Content starts
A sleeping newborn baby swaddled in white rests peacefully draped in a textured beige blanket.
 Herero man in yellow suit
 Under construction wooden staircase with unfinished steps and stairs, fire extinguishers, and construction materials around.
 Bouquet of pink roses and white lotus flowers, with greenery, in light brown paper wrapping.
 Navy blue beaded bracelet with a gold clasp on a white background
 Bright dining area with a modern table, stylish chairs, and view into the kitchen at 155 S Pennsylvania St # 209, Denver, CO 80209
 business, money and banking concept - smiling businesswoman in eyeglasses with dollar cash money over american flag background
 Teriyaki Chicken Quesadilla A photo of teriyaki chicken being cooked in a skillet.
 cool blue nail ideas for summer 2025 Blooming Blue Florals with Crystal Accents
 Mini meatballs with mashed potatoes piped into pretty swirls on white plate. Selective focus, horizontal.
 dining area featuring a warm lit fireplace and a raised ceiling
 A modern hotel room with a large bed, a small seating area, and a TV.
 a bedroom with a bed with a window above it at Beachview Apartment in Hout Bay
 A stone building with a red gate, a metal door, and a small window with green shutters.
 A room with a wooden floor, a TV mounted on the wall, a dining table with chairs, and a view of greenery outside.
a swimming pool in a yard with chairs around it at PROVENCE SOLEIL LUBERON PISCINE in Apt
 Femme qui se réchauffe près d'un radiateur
Content ends
PROMPT: Each line from the one that contains "A modern hotel" through the end of the records must be repeated exactly. No other line belongs in the answer.

OUTPUT:
 A modern hotel room with a large bed, a small seating area, and a TV.
 a bedroom with a bed with a window above it at Beachview Apartment in Hout Bay
 A stone building with a red gate, a metal door, and a small window with green shutters.
 A room with a wooden floor, a TV mounted on the wall, a dining table with chairs, and a view of greenery outside.
a swimming pool in a yard with chairs around it at PROVENCE SOLEIL LUBERON PISCINE in Apt
 Femme qui se réchauffe près d'un radiateur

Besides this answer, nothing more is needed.